When it comes to dealing with the Castro dictatorship inCuba, there are several schools of thought. The one preferred by Washington liberals, idealists, and the architects of the Obama Administration’s Cuba policy holds that increased travel, remittances, and diplomatic engagement is softening hearts, opening Cuba, and loosening the regime’s unwavering commitment to sustain a succession process that preserves the dictatorship of the Cuban Communist Party in a post-Castro era.

However, these pleasing liberal assumptions are negated on a daily basis by hard-headed facts on the ground in Cuba. With each new step lifting restrictions on travel and remittances have come more demands for additional actions—not a reciprocal loosening of the regime’s grip on its citizens.

A one-of a-kind letter entitled “Commitment to Freedom,” signed by a distinguished battery of Cuban-American former senior executives for Fortune 500 companies and released on June 25, advises Washington and the Obama Administration to curb its enthusiasm for a policy of appeasement and concessions. It warns against falling for the Castro regime’s deceptive campaign to secure U.S. capital infusion and bank credits and lure some Cuban-American businessmen without ushering in a true economic and political opening.

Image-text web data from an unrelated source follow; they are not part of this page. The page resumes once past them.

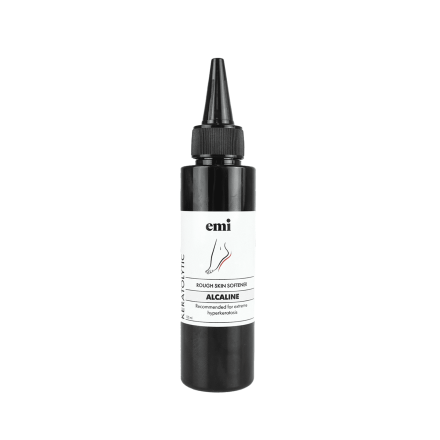 Keratolytic - Rough skin softener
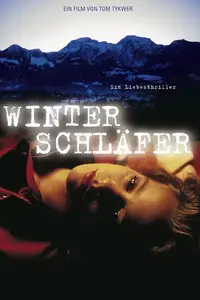 Winterschläfer / Wintersleepers (1997) [Dual Audio]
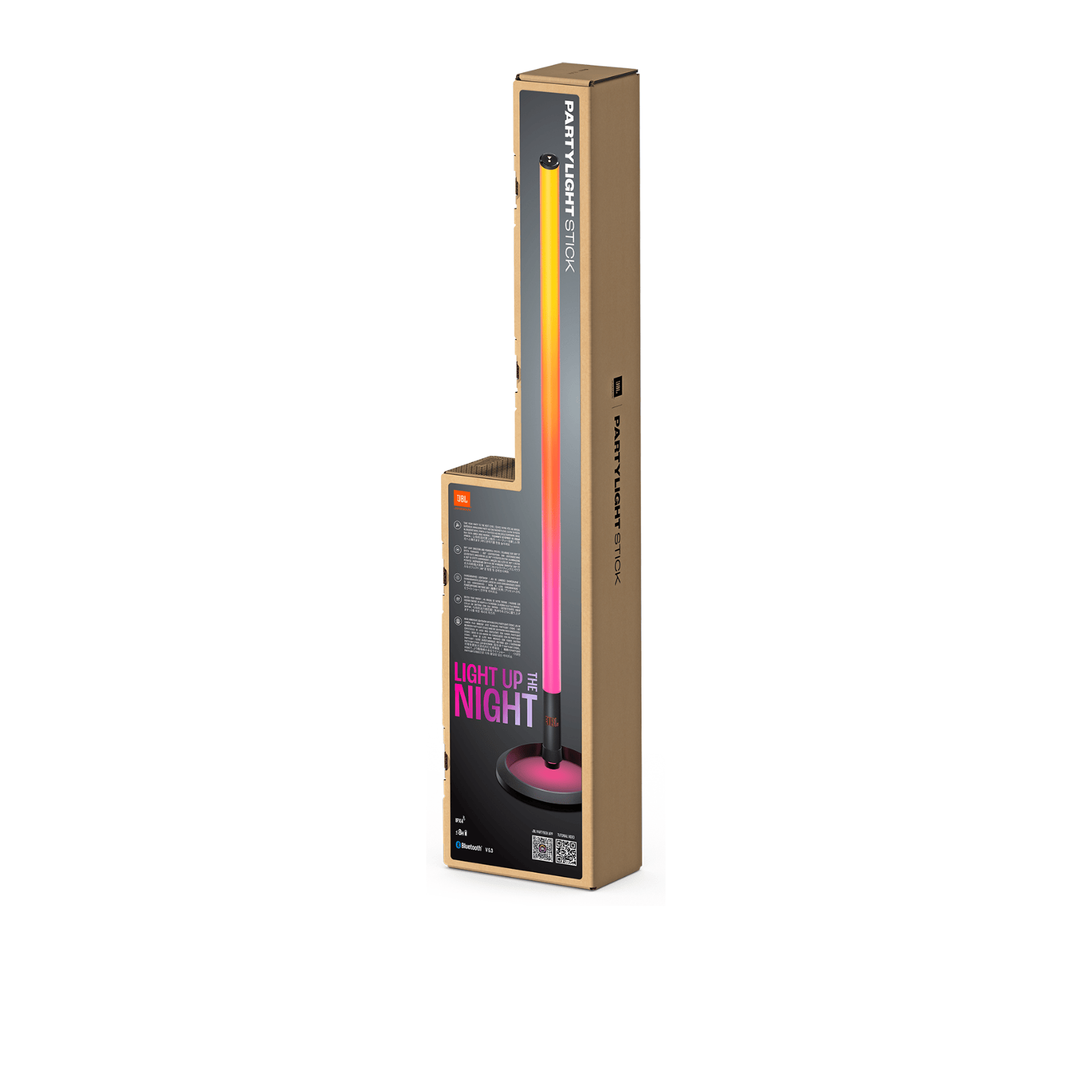 JBL Partylights Stick JBL Partylights Stick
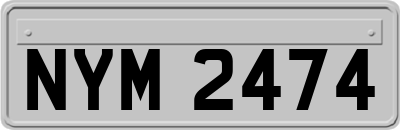 NYM2474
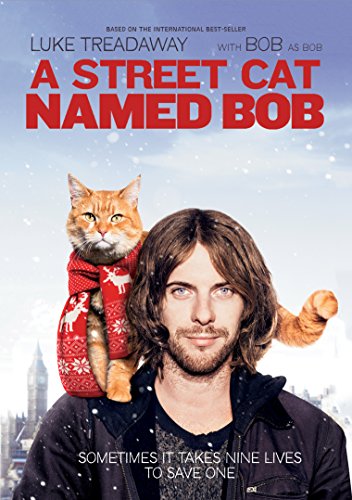 A Street Cat Named Bob (2016) movie photo - id 425235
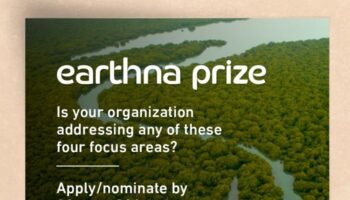 Earthna Prize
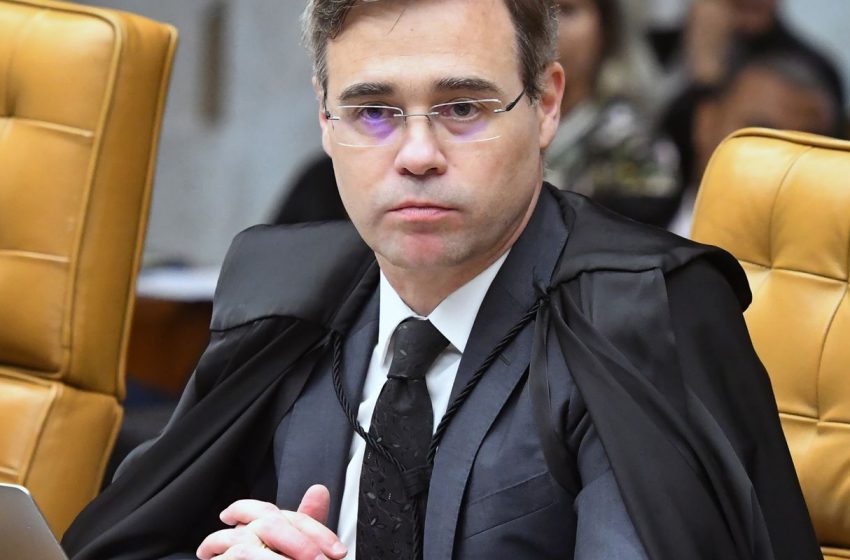 Mendonça prorroga inquérito sobre fraudes no Banco Master por 60 dias
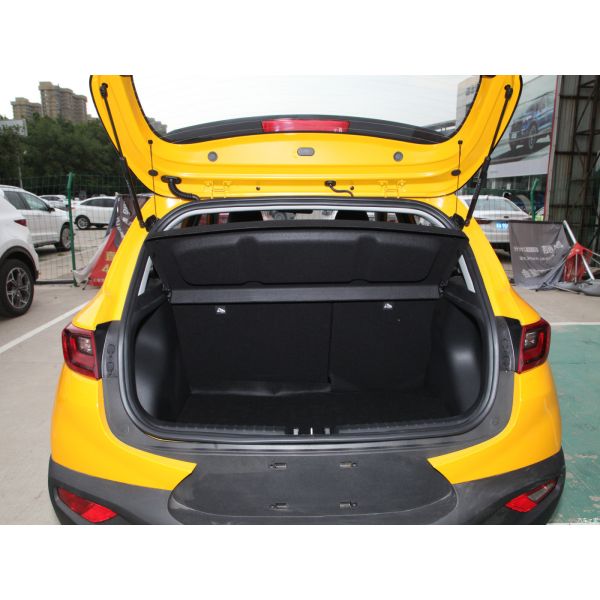 KIA Yipao KX1 2021 1.4L 100 Horsepower Facelift Small Suv Home Gasoline Small Vehicle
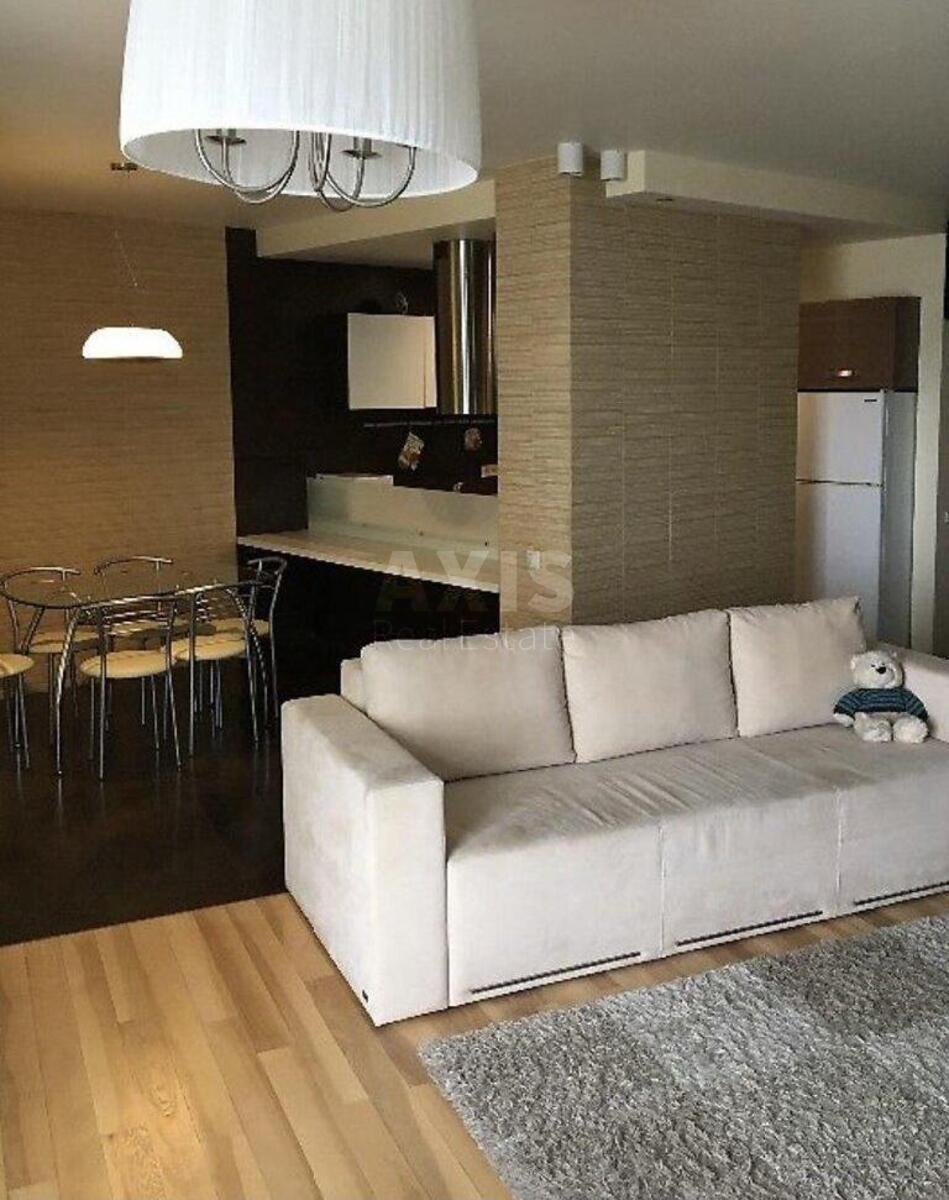 3k apartment pr-t Lobanovs'kogo 4А606601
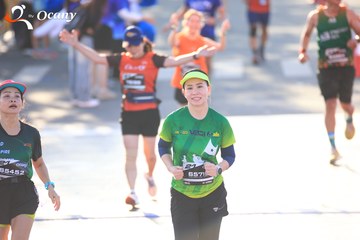 RUN TO LIVE 2025 - Ảnh #3204100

The former CEOs argue that recent economic reforms heralded as game-changing are, in fact, “mostly cosmetic, heavily-taxed and revocable, and offer no legal protection or investment return.” The letter’s signatories further warn that the Castro regime “is seeking to divide and neutralize the Cuban-American community, and lure some of its businessmen, by selling the fallacious concept that there is no solution toCuba’s predicament other than supporting cosmetic reforms without liberty and democracy.”

They are correct when they say the future “lies not with the current failed, octogenarian rulers, but with the leaders of the growing pro-democracy movement.”

The Obama Administration policy aimed at easing travel and remittances to Cuba has visibly failed to advance genuine economic or political freedom. With the unjust detention of American Alan Gross and the continual crackdown on dissent and protest, the regime cannot hide its iron fist of political repression.

It is time to take a tougher look at the shortcomings of U.S. Cuba policy and remind ourselves, as these former CEOs do, that when it comes to ending the tyranny of the Castro regime, there is “no substitute for freedom.”